Photo credit: U.S. House of Representatives


Former U.S Rep. Corrine Brown was sentenced to five years in federal prison after recently being convicted of 18 crimes ranging from fraud to conspiracy in stealing money for a fake charity.

Brown is a prominent Florida A&M University (FAMU) alumna who has helped direct millions of dollars in federal funds for projects that have benefited  minority communities Jacksonville. There has been considerable controversy in regard to Brown’s conviction and sentence as well as what’s to come for Brown.

According to WJCT, Brown was said to have taken $833,000 from donors to fund a charity, One Door for Education, which was supposed to be used for scholarship money. Only $1,200 of those funds was awarded to students.

Brown has served in the U.S. House of Representatives for more than 20 years, and was elected to U.S. Congress 12 times.  

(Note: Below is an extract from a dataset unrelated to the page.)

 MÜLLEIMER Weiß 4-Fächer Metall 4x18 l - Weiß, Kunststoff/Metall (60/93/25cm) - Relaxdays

During her tenure in Washington, she has been a force for the Jacksonville region. She has also been a voice for social justice, railing against police brutality, particularly as it affects young men of color. But has Brown’s recent conviction stained her entire career? Moreover, has it brought a certain dishonor to her alma mater?

FAMU’s mission includes fiscal responsibility, accountability, integrity and respect. There are mixed reviews concerning the recent events and Brown’s actions in the House of Representatives. As a FAMU alumna, these are values that should’ve been upheld.

Leon County Commissioner Bill Proctor, who also teaches at FAMU, said, “There’s no direct correlation between Brown and FAMU.” Proctor also explained that, “FAMU guides to leadership and gave her many lessons in being a positive servant. FAMU doesn’t teach negative behavior of things, so it cannot correlate.”

Kaitlin Haynes, a third-year English education major from Jacksonville, feels that Brown’s recent sentencing has nothing to do with FAMU and does not reflect on the university at all.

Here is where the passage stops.